Brief: The task requires repeating, word for word, the lines from the one with "The Revision Of" through the end of the material, leaving out all pictures.

Data block:
::::
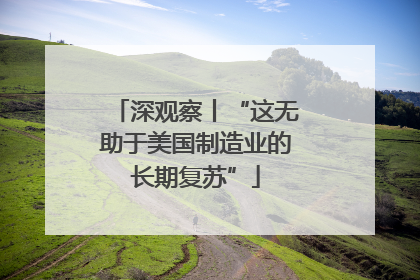 深观察丨“这无助于美国制造业的长期复苏”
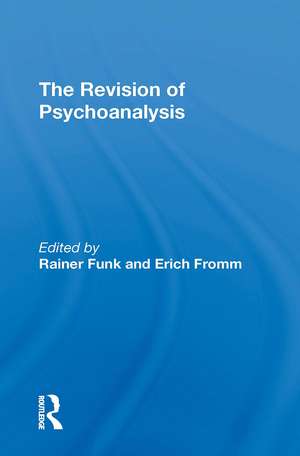 The Revision Of Psychoanalysis de Erich Fromm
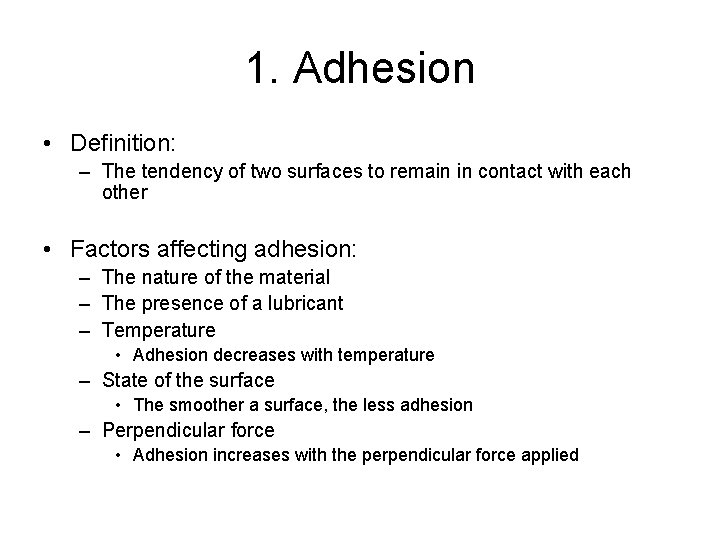 1. Adhesion • Definition: – The tendency of two surfaces to remain in contact 1. Adhesion • Definition: – The tendency of two surfaces to remain in contact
::::
Answer space:
 The Revision Of Psychoanalysis de Erich Fromm
 1. Adhesion • Definition: – The tendency of two surfaces to remain in contact 1. Adhesion • Definition: – The tendency of two surfaces to remain in contact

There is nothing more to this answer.